Research has focused on spinal manipulation therapy (SMT) in general,[29] rather than specifically on chiropractic SMT.[13] There is little consensus as to who should administer the SMT, raising concerns by chiropractors that orthodox medical physicians could "steal" SMT procedures from chiropractors; the focus on SMT has also raised concerns that the resulting practice guidelines could limit the scope of chiropractic practice to treating backs and necks.[13] Many controlled clinical studies of SMT are available, but their results disagree,[30] and they are typically of low quality.[31] It is hard to construct a trustworthy placebo for clinical trials of SMT, as experts often disagree whether a proposed placebo actually has no effect.[32] Although a 2008 critical review found that with the possible exception of back pain, chiropractic SMT has not been shown to be effective for any medical condition, and suggested that many guidelines recommend chiropractic care for low back pain because no therapy has been shown to make a real difference,[33] a 2008 supportive review found serious flaws in the critical approach, and found that SMT and mobilization are at least as effective for chronic low back pain as other efficacious and commonly used treatments.[34]

Available evidence covers the following conditions:

  • Low back pain. There is continuing conflict of opinion on the efficacy of SMT for nonspecific (i.e., unknown cause) low back pain; methods for formulating treatment guidelines differ significantly between countries, casting some doubt on the guidelines' reliability.[35] A 2007 U.S. guideline weakly recommended SMT as one alternative therapy for spinal low back pain in nonpregnant adults when ordinary treatments fail,[36] whereas the Swedish guideline for low back pain was updated in 2002 to no longer suggest considering SMT for acute low back pain for patients needing additional help, possibly because the guideline's recommendations were based on a high evidence level.[35] A 2008 review found strong evidence that SMT is similar in effect to medical care with exercise, and moderate evidence that SMT is similar to physical therapy and other forms of conventional care.[34] A 2007 literature synthesis found good evidence supporting SMT for low back pain and exercise for chronic low back pain; it also found fair evidence supporting customizable exercise programs for subacute low back pain, and supporting assurance and advice to stay active for subacute and chronic low back pain.[37] Of four systematic reviews published between 2000 and May 2005, only one recommended SMT, and a 2004 Cochrane review ([38]) stated that SMT or mobilization is no more or less effective than other standard interventions for back pain.[30]

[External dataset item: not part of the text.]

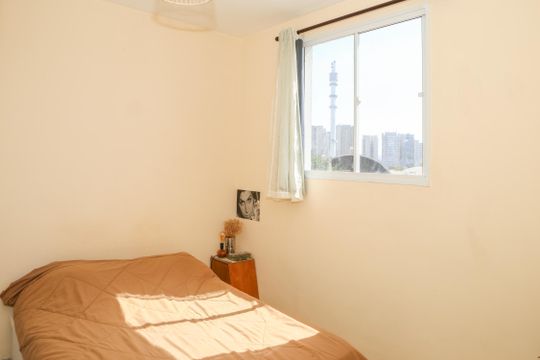 Quarto de apartamento para alugar com 1 quarto, 25m² em Barra Funda, São Paulo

  • Whiplash and other neck pain. There is no overall consensus on manual therapies for neck pain.[39] A 2008 review found evidence that educational videos, mobilization, and exercises appear more beneficial for whiplash than alternatives; that SMT, mobilization, supervised exercise, low-level laser therapy and perhaps acupuncture are more effective for non-whiplash neck pain than alternatives but none of these treatments is clearly superior; and that there is no evidence that any intervention improves prognosis.[40] A 2007 review found that SMT and mobilization are effective for neck pain.[39] Of three systematic reviews of SMT published between 2000 and May 2005, one reached a positive conclusion, and a 2004 Cochrane review ([41]) found that SMT and mobilization are beneficial only when combined with exercise, the benefits being pain relief, functional improvement, and global perceived effect for subacute/chronic mechanical neck disorder.[30] A 2005 review found limited evidence supporting SMT for whiplash.[42]

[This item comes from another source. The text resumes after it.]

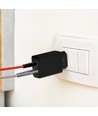 Adaptateur de voyage USB 20W avec PD et QC - Noir, chargeur rapide, 1x USB-A et 1x USB-C PD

  • Headache. A 2006 review found no rigorous evidence supporting SMT or other manual therapies for tension headache.[43] A 2005 review found that the evidence was weak for effectiveness of chiropractic manipulation for tension headache, and that it was probably more effective for tension headache than for migraine.[44] A 2004 review found that SMT may be effective for migraine and tension headache, and SMT and neck exercises may be effective for cervicogenic headache.[45] Two other systematic reviews published between 2000 and May 2005 did not find conclusive evidence in favor of SMT.[30]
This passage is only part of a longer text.